= Sir Edward Goodere, 1st Baronet =

British politician

Arms of Goodere: Gules, a fess between two chevrons vair

Sir Edward Goodere, 1st Baronet (1657 – 29 March 1739) was a British politician who sat in the House of Commons from 1708 to 1727. He was primarily a Tory, but in his first Parliament acted as a Whig.

==Life==
Goodere was the only surviving son of John Goodere of Burghope, Herefordshire and his wife Anne Morgan, the daughter of John Morgan of Kent. His father was a servant of the East India Company, who eventually became deputy-governor of Bombay, and Edward is sometimes said to have been born in India.

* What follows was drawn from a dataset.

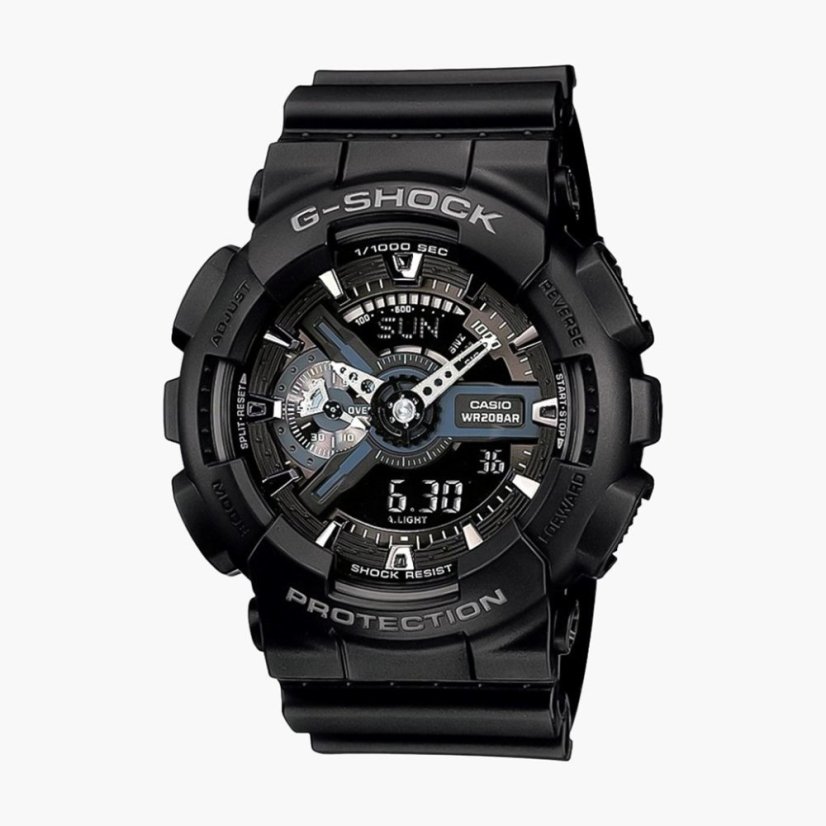 panske hodinky g shock ga 110 1ber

It is more likely, however, that he was born during a long sojourn by his father in England from 1656 to 1662. On his permanent return to England in 1669, his father bought the Burghope (also rendered Burhope) House in the parish of Wellington, Herefordshire.

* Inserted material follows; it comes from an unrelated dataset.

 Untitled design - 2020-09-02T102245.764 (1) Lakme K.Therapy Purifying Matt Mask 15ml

On 21 January 1679, at Bodenham, Herefordshire, Edward Goodere married Helen (or Eleanor) Dineley, the daughter and heiress of Sir Edward Dineley of Charlton, Worcestershire, and his wife Frances Watson, the daughter of Lewis Watson, 1st Baron Rockingham. The groom was 21 and the bride 15.

Goodere was created a baronet on 5 December 1707. He was returned as Member of Parliament for Evesham at the 1708 British general election. He was returned again in 1710 and 1713.

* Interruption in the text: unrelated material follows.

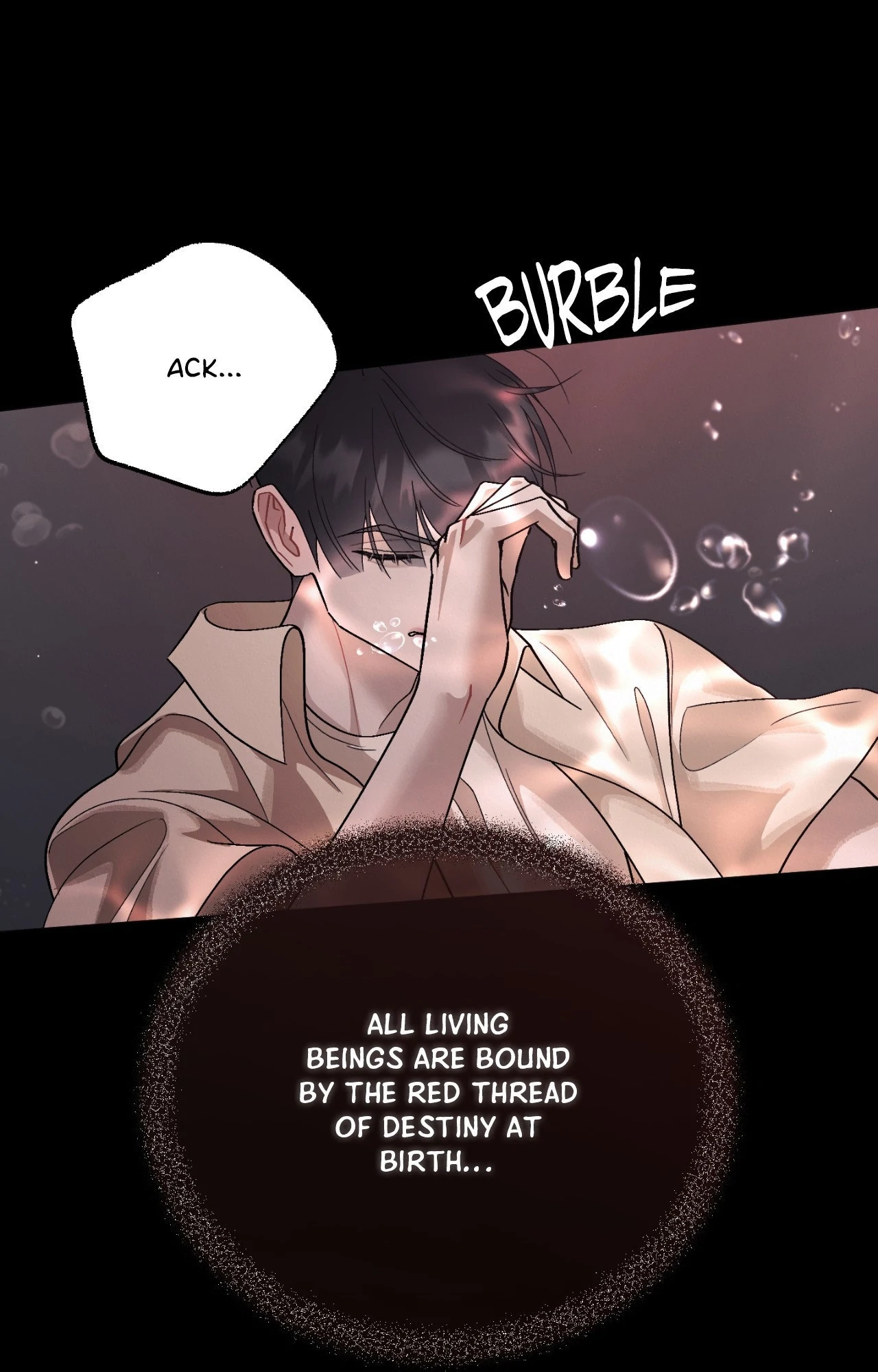 Red Thread Quest [Official] - Episode 30 (Season 1 Finale) manhwa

At the 1722 British general election, Goodere was returned as MP for Herefordshire.

Goodere's wife died aged 49 in January 1714, and was buried in the Dineley family vault at Cropthorne, Worcestershire. Goodere died at Burghope on 29 March 1739, aged 82. He and his wife had three sons. His eldest son was killed in a duel. He was thus succeeded by his eldest surviving son, Sir John Dineley Goodere, 2nd Baronet, who was later strangled on board HMS Ruby, a crime for which his younger brother Samuel was executed. Sir John had left the Burghope estate to a nephew, John Foote.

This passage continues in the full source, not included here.